Listening to George Osborne’s introduction to today’s Comprehensive Spending Review made me angry. Very angry. For all sorts of reasons. But the one that made me most angry was his suggestion that the reason to slash public expenditure was to secure future generations. His actions, of course, demonstrate that he has no interest in future generations. He has little interest in today’s young, and is creating a political dynamic where more and more support is withdrawn from the young.

It’s not the first time they’ve used this line. There was an ad in the election suggesting a newborn baby had “Dad’s Nose, Mum’s Eyes, Gordon Brown’s Debt”

This is only the beginning of a long and sorry tale for young people and for unborn generations. The real tragedy is that this destruction of hope for the future is masked in a rhetoric of concern for the young.

Savage cuts to welfare are undoubtedly popular with the tabloid press, they are therefore some of the easiest cuts to make. But these cuts will weigh most heavily on the children of the poorest families.

And if the Thatcher years taught us anything it is that impoverishing the poorest leads to decades of intergenerational poverty. By cutting benefits now the government is storing up serious problems of ill-health, educational underachievement and unfulfilled lives. A crisis caused by the super-rich is being used to visit untold suffering upon the most vulnerable.

The CSR itself acts decisively against young people in a number of ways. Leaving the broadly commendable pupil premium aside the budget is wholly bad news for the young.

SureStart, the programme designed to ensure that children are guaranteed the best of early years provision by bringing together education, health and family support will be restricted to the poorest communities. This will undoubtedly lead to gradual reductions in service and problems with stigma.

Free schools are an expensive and risky project at any time, but it beggars belief that anyone seriously thinks the middle of the biggest planned fiscal contraction since the 1920s is the time to gamble on them.
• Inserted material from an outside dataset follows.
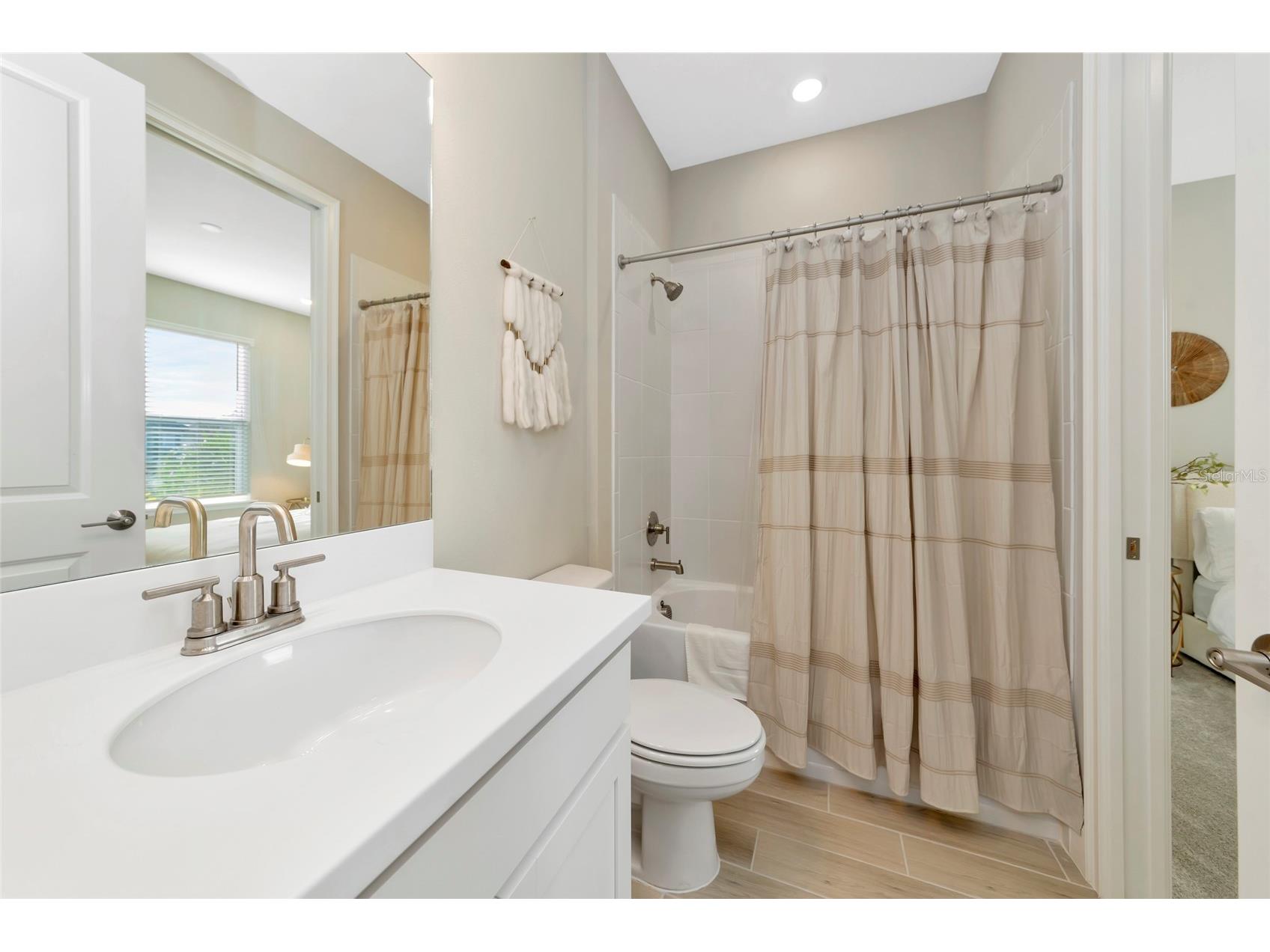 8097 Moonbeam Avenue Sarasota FL 34241 A4677599 image30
The likelihood is that they will suck resources from mainstream education while doing little to improve standards.

This problem is compounded by the fact that Free Schools are being promoted while the previous government’s school building programme has been largely scrapped. So the upwardly mobile parents who want pseudo-private schools can have them while very substantial numbers of children have to learn in substandard conditions. This is nothing short of a disgrace.

Having struggled through 12 compulsory years of education in substandard buildings, with the prospect of whopping student debt ahead many young people will be wondering why they should stay on at school. Many were able to do so because of the Educational Maintenance Allowance. The Educational Maintenance Allowance has now been scrapped.

The trailed changes to student funding recommended by the Browne Review will genuinely lumber a generation with huge burdens of debt. With existing levels of student debt averaging £23,000 on graduation, we can expect the introduction of a market for fees pushing graduate debt well beyond £30,000 and up to £50,000 in some cases. This is where the superficiality of Osborne’s concern for the indebtedness of future generations becomes clear. Simply, he doesn’t care.

Once young people have finished formal education they will be faced with huge difficulties finding a job, with unemployment spiralling upwards. The problem with reducing the number of state employees by natural wastage and recruitment freezes is that it denies new entrants opportunities to do useful work. When today’s young people do find a job it will be very unlikely to be a rewarding one. What employment there is will be in low skilled private sector jobs.

It is becoming ever clearer that the aim of these cuts is to impoverish the vast majority of people in Britain. These cuts make it easier for the very wealthy to add to their already significant riches. The attack on universal benefits is the thin end of a wedge. Once benefits are withdrawn from the majority and preserved for the most needy they will decline. Countries with welfare systems for the poor have the poorest welfare systems.

It is for this reason that we should welcome the few instances where universal benefits have been retained. Free bus passes for the elderly, the pensioners’ winter fuel allowance and free TV licenses for the over-75s are all valuable. But it won’t have evaded your notice that those universal benefits are all available only to older people. While this is at least partly a dividend for higher electoral turn-out amongst older people, it also gives lie to the notion that there can be no more universal benefits.

This decline in universal benefits is the political dynamic that will continue to make it difficult for the young people of today and tomorrow. While today there is a lower rate of minimum wage for under-21s and under-18s tomorrow there may be no minimum wage at all. That is the logic that underpins Osborne’s ideological attack on the state.

If, as seems likely, the cuts send the economy into a long period of stagnation it is today’s youth that will pay the price. And that’s on top of massive levels of intergenerational poverty, poor schooling and student debt. This CSR imposes penance for the sins of the plutocrats. Its consequence is to make the very rich people even richer through the application of a Shock Doctrine. It is disgusting that ideologues like Osborne seek to mobilise the interests of future generations in this cause, when their genuine intentions are so clearly hostile to the young.